Provided entries ::
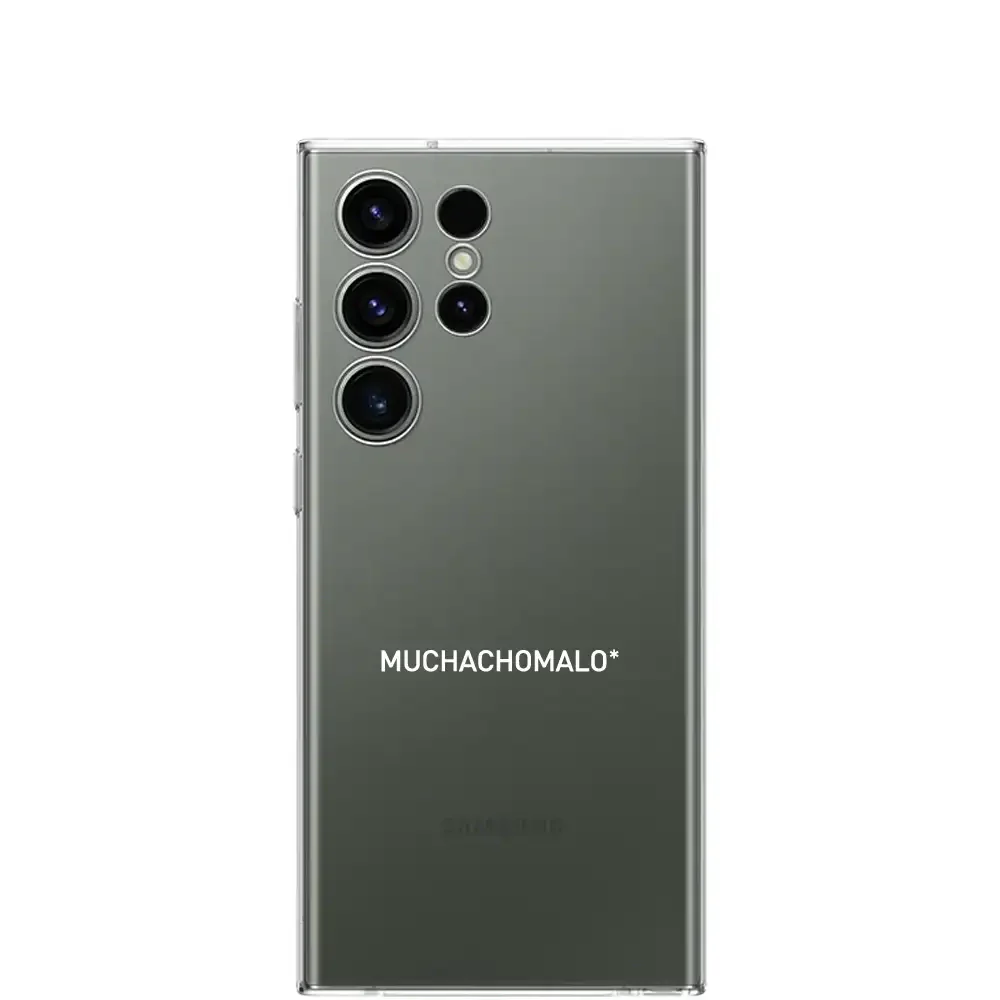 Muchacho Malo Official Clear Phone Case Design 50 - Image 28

---

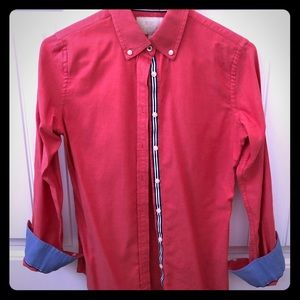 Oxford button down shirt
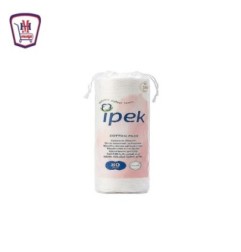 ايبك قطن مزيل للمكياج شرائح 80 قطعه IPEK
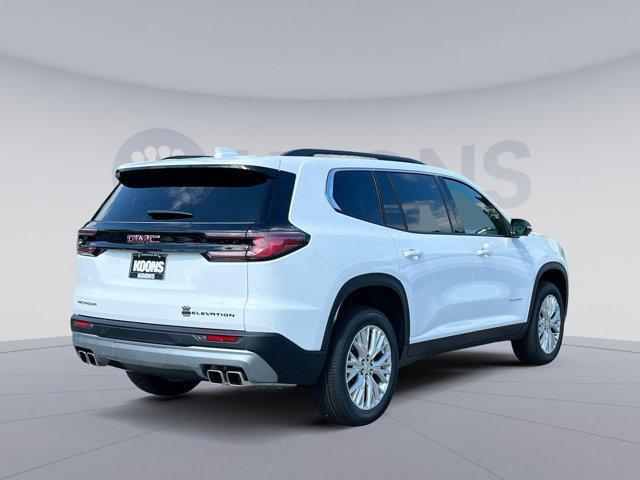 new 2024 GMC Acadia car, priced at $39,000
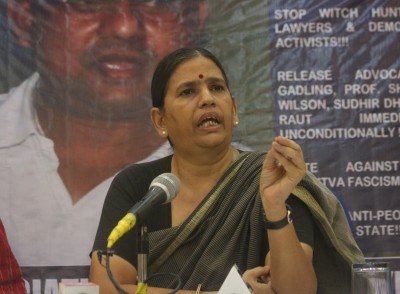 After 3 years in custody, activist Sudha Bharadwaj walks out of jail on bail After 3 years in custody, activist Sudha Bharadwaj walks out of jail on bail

---

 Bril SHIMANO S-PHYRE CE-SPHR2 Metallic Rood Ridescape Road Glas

Assigned task :: From the listing above, please give again the lines that begin with the line holding "ايبك قطن مزيل للمكياج شرائح 80 قطعه IPEK" and go on through the line holding "on bail After", exactly, both ends included, minus any picture.

Response to this exercise ::
 ايبك قطن مزيل للمكياج شرائح 80 قطعه IPEK
 new 2024 GMC Acadia car, priced at $39,000
 After 3 years in custody, activist Sudha Bharadwaj walks out of jail on bail After 3 years in custody, activist Sudha Bharadwaj walks out of jail on bail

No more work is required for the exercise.